───── Information shown ─────

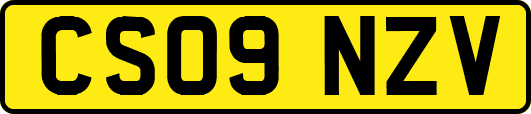 CS09NZV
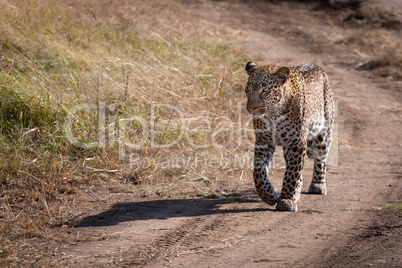 Leopard walking along sandy track in savannah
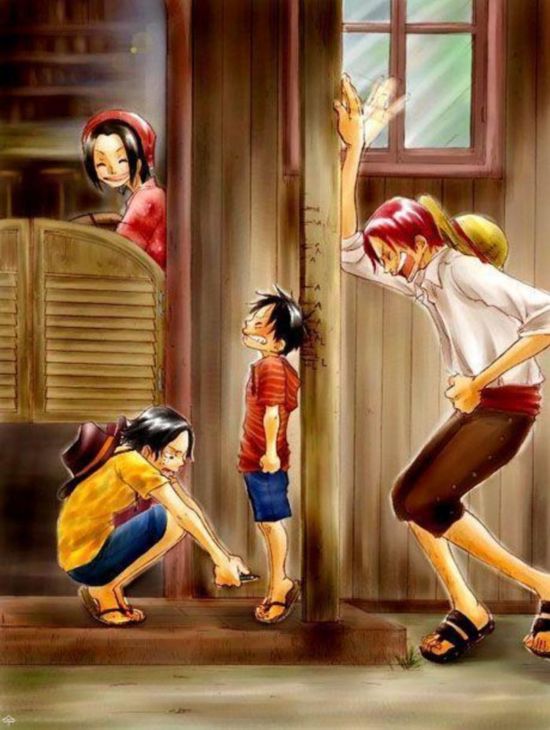 海贼王漫画806话:维奥莱特惊现象岛水貂族 海贼女帝罗宾禁图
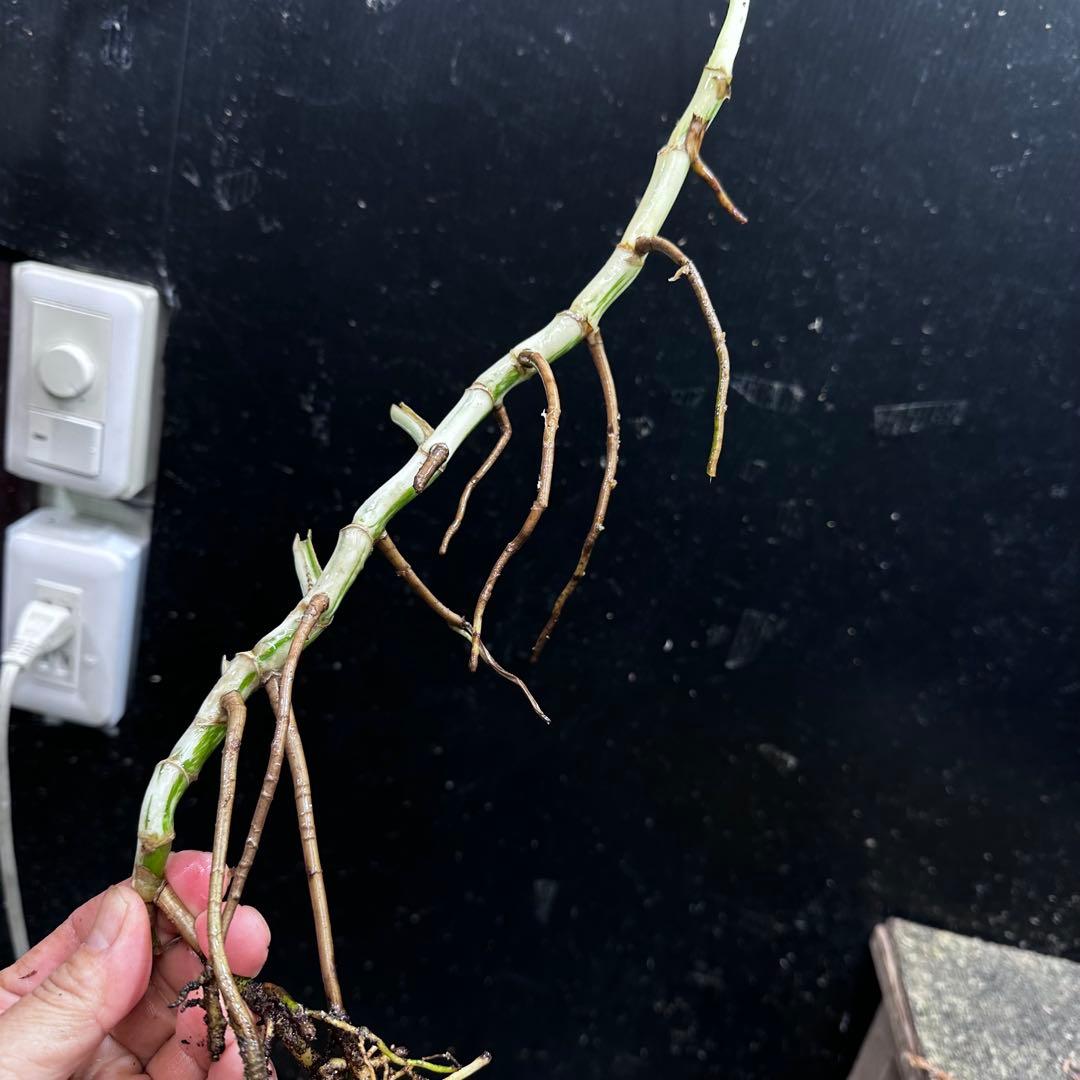 a*a様 斑入りモンステラホワイトタイガー大茎6株おまとめ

─────

- Aim of the task: No picture should be included when the data are set down again exactly.

- Answer to this problem:
 CS09NZV
 Leopard walking along sandy track in savannah
 海贼王漫画806话:维奥莱特惊现象岛水貂族 海贼女帝罗宾禁图
 a*a様 斑入りモンステラホワイトタイガー大茎6株おまとめ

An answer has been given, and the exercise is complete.